--- DATA SUPPLIED ---

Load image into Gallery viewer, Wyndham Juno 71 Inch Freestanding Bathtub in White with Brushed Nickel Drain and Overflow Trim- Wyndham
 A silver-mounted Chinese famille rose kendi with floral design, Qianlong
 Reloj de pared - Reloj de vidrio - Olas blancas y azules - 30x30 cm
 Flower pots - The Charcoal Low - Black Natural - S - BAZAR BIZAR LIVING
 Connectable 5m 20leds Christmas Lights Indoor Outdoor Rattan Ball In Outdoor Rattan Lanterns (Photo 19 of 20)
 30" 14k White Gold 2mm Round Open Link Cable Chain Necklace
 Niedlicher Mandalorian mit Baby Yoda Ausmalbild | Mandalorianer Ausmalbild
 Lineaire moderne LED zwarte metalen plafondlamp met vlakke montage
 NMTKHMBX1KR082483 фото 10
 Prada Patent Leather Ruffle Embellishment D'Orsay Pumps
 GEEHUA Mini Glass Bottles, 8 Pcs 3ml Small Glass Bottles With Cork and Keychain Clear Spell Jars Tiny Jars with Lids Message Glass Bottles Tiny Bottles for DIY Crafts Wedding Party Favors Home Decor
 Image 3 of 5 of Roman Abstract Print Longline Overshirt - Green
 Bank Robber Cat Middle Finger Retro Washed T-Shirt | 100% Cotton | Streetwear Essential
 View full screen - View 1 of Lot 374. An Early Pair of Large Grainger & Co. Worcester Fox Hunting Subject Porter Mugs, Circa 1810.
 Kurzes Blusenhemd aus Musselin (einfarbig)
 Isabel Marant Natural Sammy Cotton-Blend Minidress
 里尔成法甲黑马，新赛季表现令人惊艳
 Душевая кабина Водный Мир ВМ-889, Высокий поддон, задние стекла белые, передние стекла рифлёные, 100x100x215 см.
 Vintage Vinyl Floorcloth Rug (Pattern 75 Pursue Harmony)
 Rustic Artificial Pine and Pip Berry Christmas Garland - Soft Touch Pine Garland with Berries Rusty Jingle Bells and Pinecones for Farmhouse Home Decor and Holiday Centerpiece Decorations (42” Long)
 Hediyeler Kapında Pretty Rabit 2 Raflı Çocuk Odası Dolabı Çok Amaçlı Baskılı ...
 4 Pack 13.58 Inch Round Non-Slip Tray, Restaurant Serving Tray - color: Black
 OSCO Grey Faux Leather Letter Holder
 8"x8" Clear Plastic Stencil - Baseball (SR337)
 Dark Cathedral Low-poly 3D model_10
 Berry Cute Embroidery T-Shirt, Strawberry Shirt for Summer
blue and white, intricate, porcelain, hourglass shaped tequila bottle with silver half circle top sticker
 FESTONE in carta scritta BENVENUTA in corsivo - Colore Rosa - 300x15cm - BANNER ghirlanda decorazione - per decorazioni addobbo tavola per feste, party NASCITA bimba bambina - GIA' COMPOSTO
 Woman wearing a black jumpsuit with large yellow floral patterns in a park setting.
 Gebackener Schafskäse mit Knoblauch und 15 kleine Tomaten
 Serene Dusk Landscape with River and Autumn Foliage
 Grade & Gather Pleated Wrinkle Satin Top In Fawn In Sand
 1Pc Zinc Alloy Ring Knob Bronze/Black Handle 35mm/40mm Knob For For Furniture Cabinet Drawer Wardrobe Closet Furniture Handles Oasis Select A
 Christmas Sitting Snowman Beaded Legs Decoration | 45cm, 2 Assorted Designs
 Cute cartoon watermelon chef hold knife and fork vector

---

PROBLEM TO WORK ON
Output all lines from the beginning of the data up to the line holding "Flower pots - The", that line included, exactly as written.

OUTPUT FOR THIS EXERCISE
Load image into Gallery viewer, Wyndham Juno 71 Inch Freestanding Bathtub in White with Brushed Nickel Drain and Overflow Trim- Wyndham
 A silver-mounted Chinese famille rose kendi with floral design, Qianlong
 Reloj de pared - Reloj de vidrio - Olas blancas y azules - 30x30 cm
 Flower pots - The Charcoal Low - Black Natural - S - BAZAR BIZAR LIVING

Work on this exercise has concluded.